The saying, "BACK TO 2!" reinforces to parents and caregivers the need to keep their toddlers in rear-facing car seats until age 2, or until the reach the maximum height and weight for their car seat. The American Academy of Pediatrics (AAP) recently updated their recommendations for children in car seats in include this information. Additionally, research has found children are safer in rear-facing car seats. A 2007 study published in the journal Injury Prevention showed that children under age 2 are 75 percent less likely to die or be severely injured in a crash if they are riding rear-facing.

On an average day in Pennsylvania, there are approximately 350 crashes on state highways. Motor-vehicle crashes are the leading cause of death among children ages 3 to 21, according to the National Highway Traffic Safety Administration. Correctly buckling in a child safety seat, booster seat or seat belt is the single most effective way to protect motor vehicle occupants and to reduce fatalities in a crash.

Child passenger safety covers all children - from birth through teenage drivers. The revised AAP policy statement addresses best practice for the use of car seats, booster seats, and seat belts for children of all ages. CPS week serves as an opportunity to review the safety of the entire family when in the vehicle.
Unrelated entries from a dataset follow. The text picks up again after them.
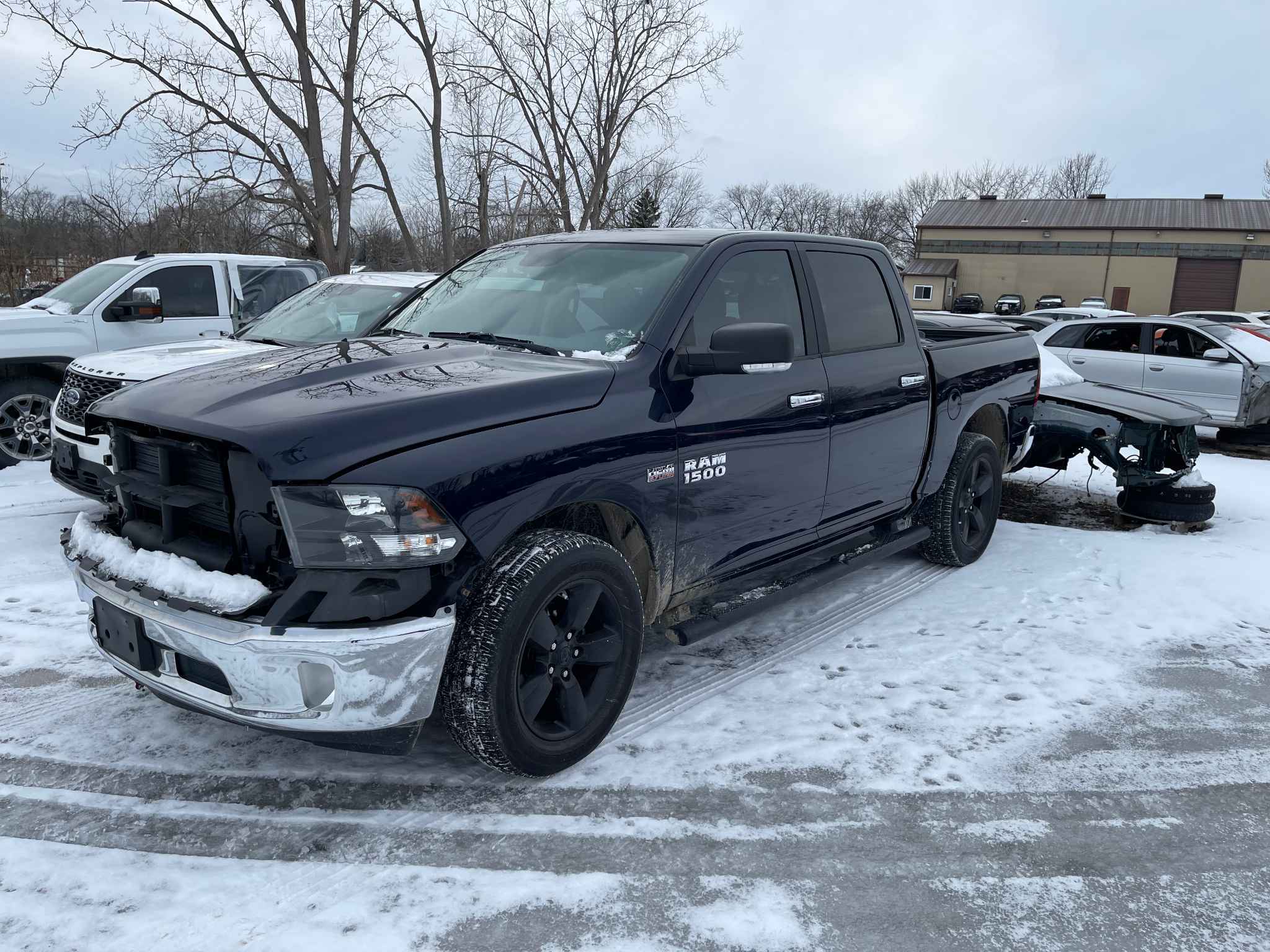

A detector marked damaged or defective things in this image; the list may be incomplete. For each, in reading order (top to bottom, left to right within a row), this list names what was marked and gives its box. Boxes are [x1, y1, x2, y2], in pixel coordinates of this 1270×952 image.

damaged front bumper [62, 536, 456, 754]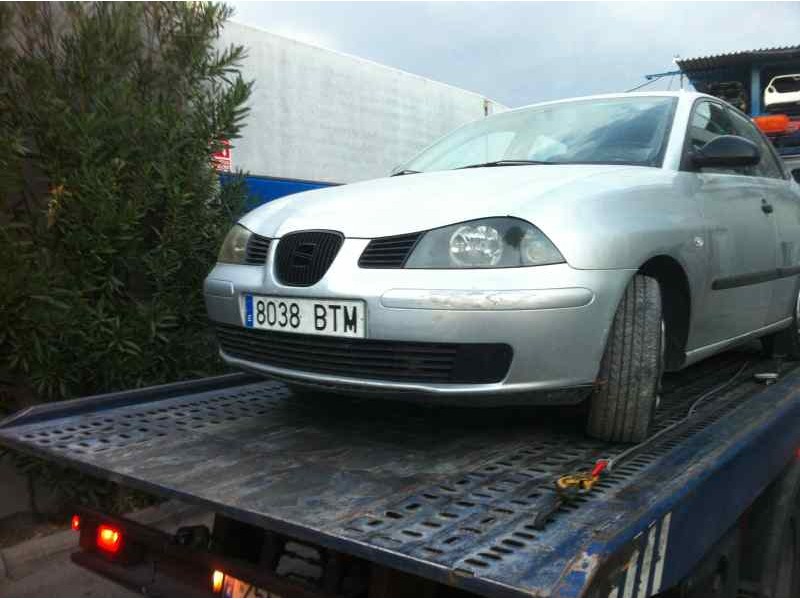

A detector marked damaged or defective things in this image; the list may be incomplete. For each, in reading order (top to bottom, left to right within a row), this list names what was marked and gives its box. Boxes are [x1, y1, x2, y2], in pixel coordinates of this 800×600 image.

rusted metal surface [1, 350, 800, 596]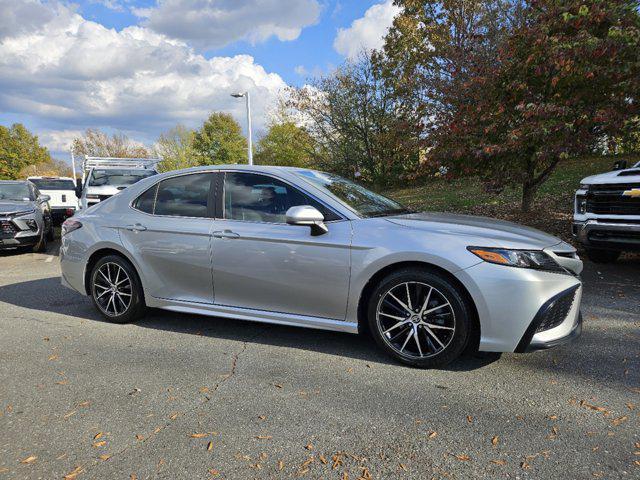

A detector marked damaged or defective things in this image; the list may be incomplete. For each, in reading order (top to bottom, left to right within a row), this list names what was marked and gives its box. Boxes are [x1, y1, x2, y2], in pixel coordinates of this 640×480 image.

cracked pavement [0, 242, 636, 478]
Following are points to consider in safely securing children in vehicles:

  • Restrain all adults and children on every trip, every time. Parents who buckle up set the example and teach children to buckle up. More than 121,000 crashes occurred in Pennsylvania in 2009. According to PennDOT, 1,256 people were killed and 451 of the victims were not wearing seat belts at the time of their crashes.
  • If you are an expectant mother, it's important to always wear your seat belt to protect you and your unborn child. Wear the lap belt across your hips and below your belly with the shoulder belt across your chest (between the breasts).
  • Keep your child in a back seat. Children are 38 percent less likely to be injured in a crash if they are in a back seat (Children's Hospital of Philadelphia - Partners for Child Passenger Safety).
  • Use child safety seats and seat belts correctly. There is still a high misuse rate of child safety seats and booster seats. Last year at PennDOT-funded car seat inspection stations, more than eight out of every 10 child safety seats checked were being used improperly.
  • Use the best safety restraint for your child's size. Take into account a child's age, weight, height, physical development and behavior needs when selecting a seat. The AAP recommendations for child safety seats listed below are a good way to determine which type of child safety seat is best for your child.
  • NEW! All infants and toddlers should ride in a rear-facing car safety seat until they are 2 years of age or until they reach the highest weight or height allowed by the manufacturer of their car safety seat.
  • All children 2 years or older, or those younger than 2 years who have outgrown their rear-facing weight or height limit for the car safety seat, should use a forward-facing car safety seat with a harness for as long as possible, up to the highest weight or height allowed by the manufacturer of their car safety seat.
  • All children whose weight or height is above the forward-facing limit for their car safety seat should use a belt-positioning seat until the vehicle lap-and-shoulder seat belt fits properly, typically when they have reached 4 feet 9 inches in height and are between 8 and 12 years of age.
  • When children are old enough and large enough to use the vehicle seat belt along, they should always use lap-and-shoulder seat belts for optimal protection.

Under Pennsylvania's child passenger safety law, all drivers are responsible for securing children in the appropriate child restraint system.

  • All children from birth up to age 4 must be secured in an approved child safety seat anywhere in the vehicle.
  • All children age 4 up to age 8 must be secured in a seat-belt system and appropriate child booster seat anywhere in the vehicle.
  • All children age 8 up to age 18 must be secured in a seat-belt system anywhere in the vehicle.

The law also states that all drivers are responsible for the front seat occupants to wear a properly adjusted and fastened seat-belt system. All drivers under 18 years of age may not operate a motor vehicle in which the number of passengers exceeds the number of available safety seat belts in the vehicle.